[Collected data entries]
§

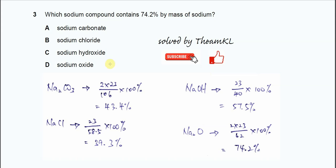Question 3: Which sodium compound contains 74.2% by mass of sodium? For this question you need to calculate until you get this percentage.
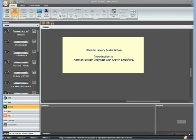Today we'll be taking a quick look at System Architect and how to use it with features of the Crown amplifiers.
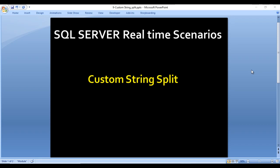Welcome to SSUniTag Social. This is a continuation of SQL Server real-time scenarios. Today we are going to see about the custom string split function. If you are using the 2017 version, this function was not available there, so you can write the script we are going to write in this video, which will work the same as the built-in string_split function.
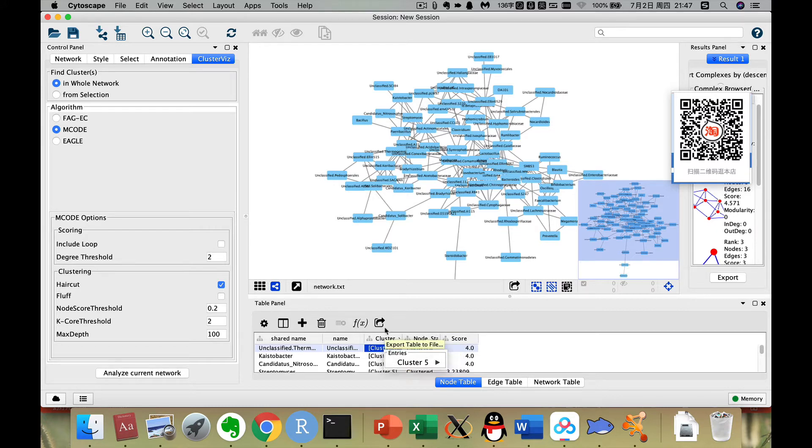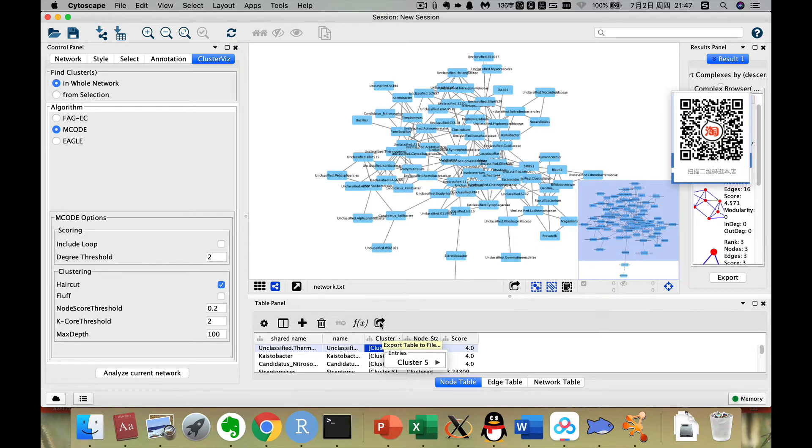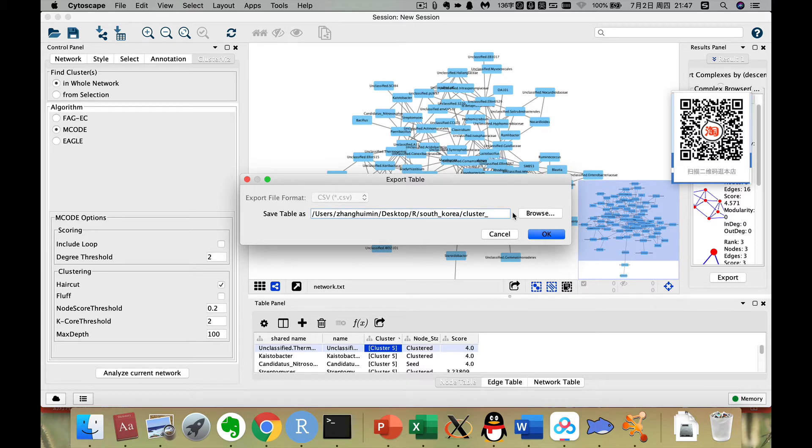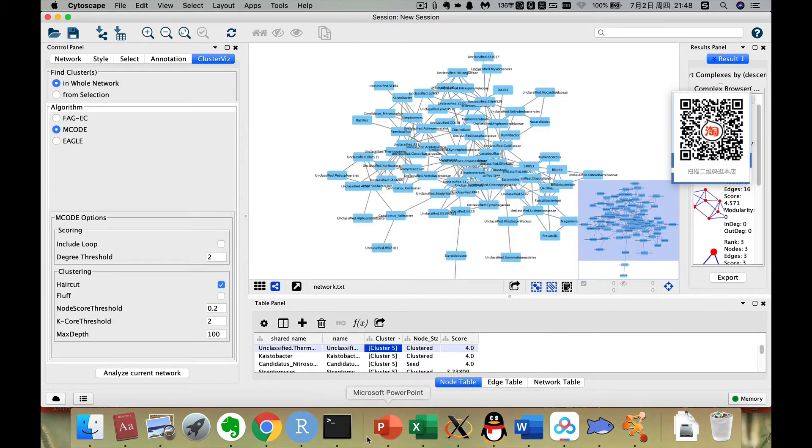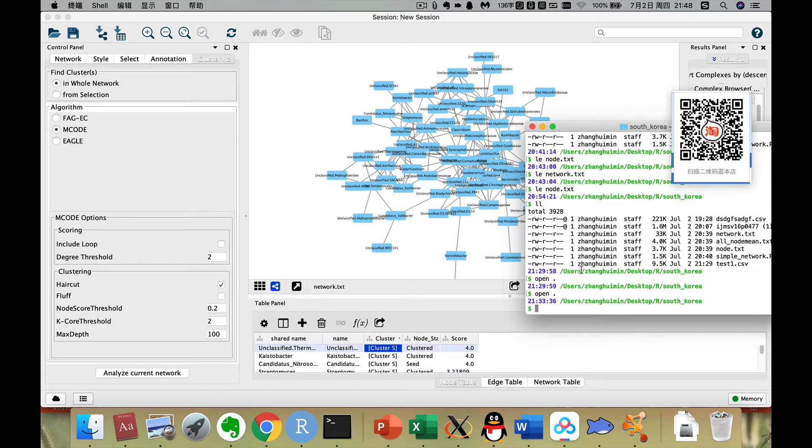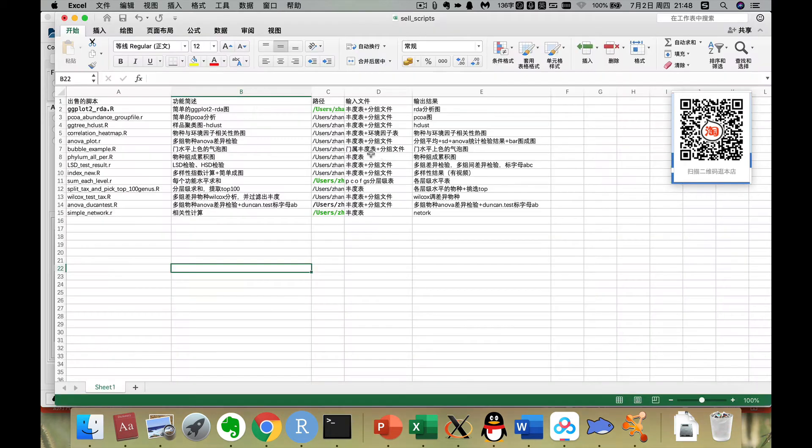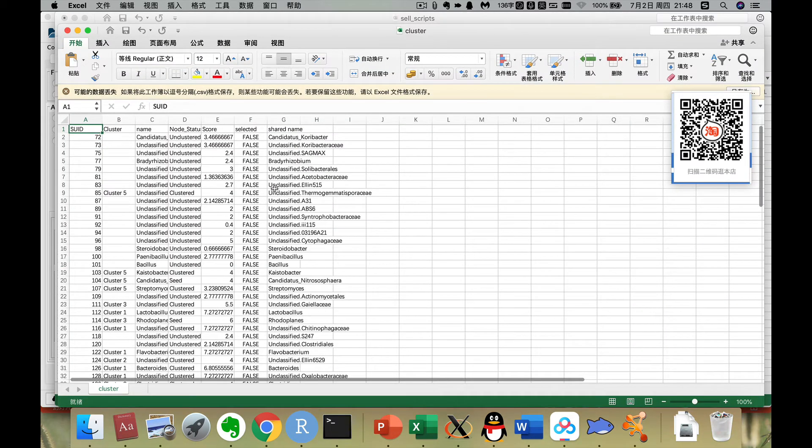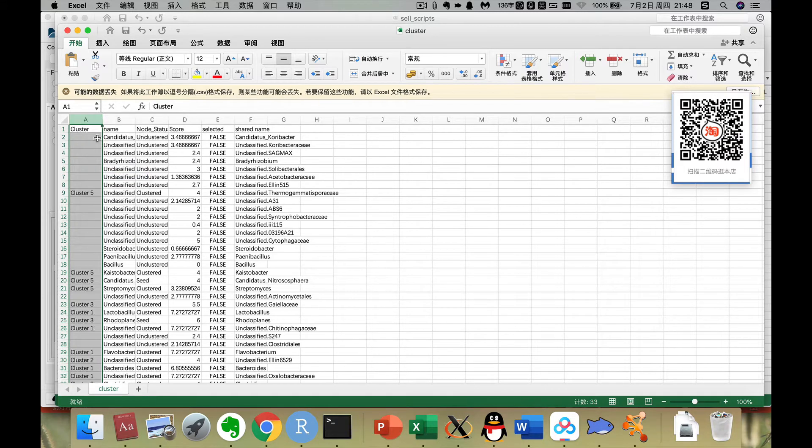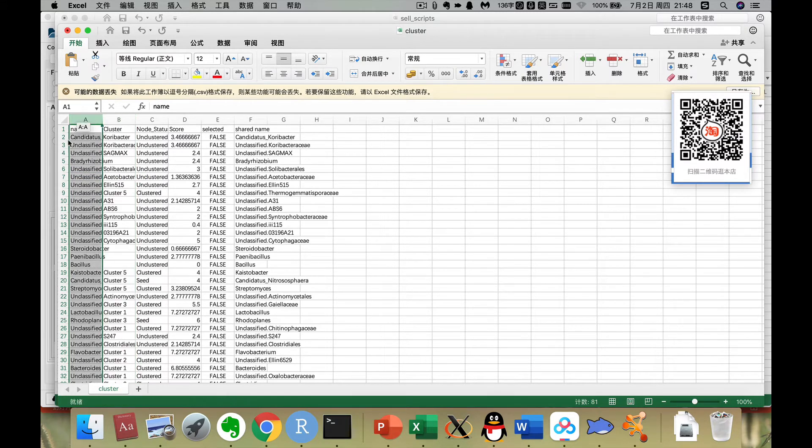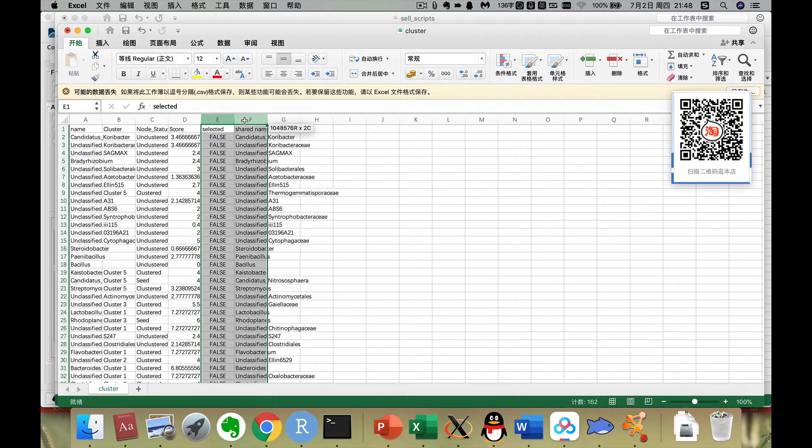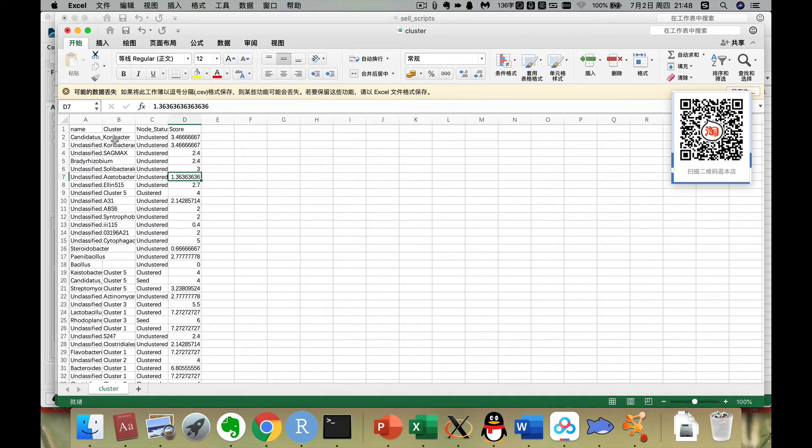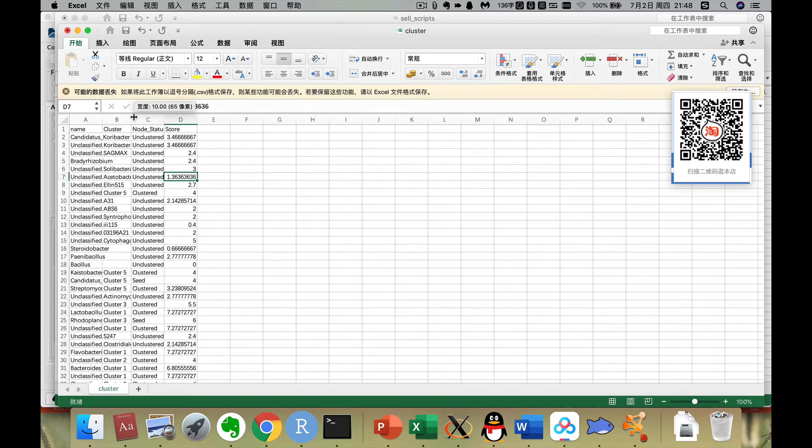Here, because it has an empty space here, this is the shortcoming of Cytoscape. Now we add a cluster.csv. Then we click OK. Then we go to the cluster.csv. Then we remove some columns. This column should be removed. Then the name should be moved to the first column. Then the select and the shared name should be removed also. So now we got this one.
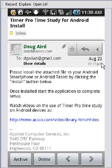Okay, the easiest way to install Timer Pro for Android is to set up your Android device. Use the Gmail feature that comes with it. If you have a Gmail account, it's extremely easy.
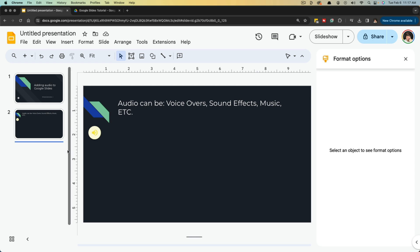So whenever you export your slideshow, all of the audio will be just like you set it to autoplay or on click. And that's it. That's how you insert an audio file within your Google Slide presentation.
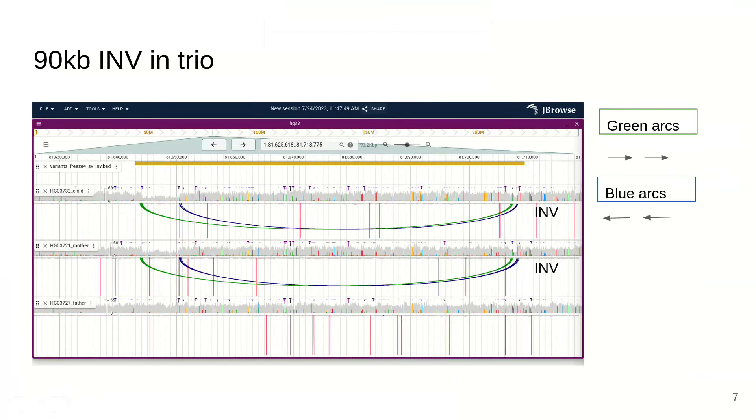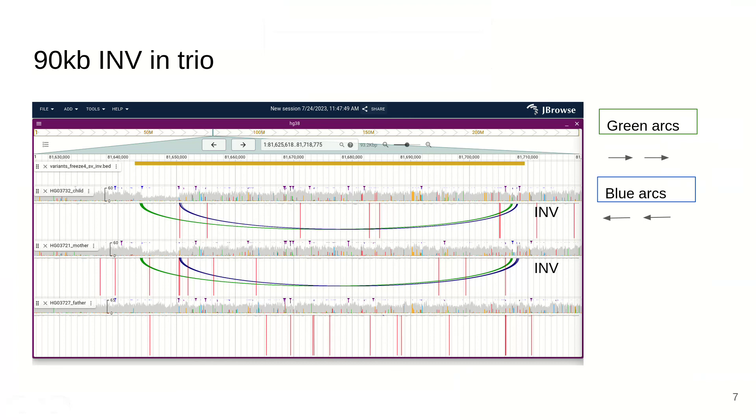We can also view things like inversions using short read paired end reads. If you open up this arc view in JBrowse2, it will color the paired end reads according to whether they're discordant or normally paired. Discordant pairs are pointed in the same direction. Normally paired end reads are pointed at each other. Depending on that orientation, that's green or blue. When you have them overlapping like this, that is a solid indication for an inversion.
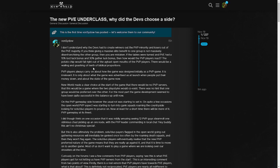The person goes on to say: 'If you think giving a massive elite benefit to one group is not massively disenfranchising the other group, you are mistaken. If the tables were turned and PVE had a 10% luck bonus and 30% luck bonus, how would the PVPers react?' It's like, shit, we wouldn't even care. We would just do the PVE for the luck. We'd be like, 'Fine, I'll go do the PVE content if it makes it easier for me to go PVP. Sure, why not?'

§

■ **What you are asked to do**: The lines to copy exactly start with the line above that has "Today we'll be" and go on through the line that has "Welcome to SSUniTag"; please include both, add nothing else, and omit the pictures.

■ **Task answer**:
Today we'll be taking a quick look at System Architect and how to use it with features of the Crown amplifiers.
Welcome to SSUniTag Social. This is a continuation of SQL Server real-time scenarios. Today we are going to see about the custom string split function. If you are using the 2017 version, this function was not available there, so you can write the script we are going to write in this video, which will work the same as the built-in string_split function.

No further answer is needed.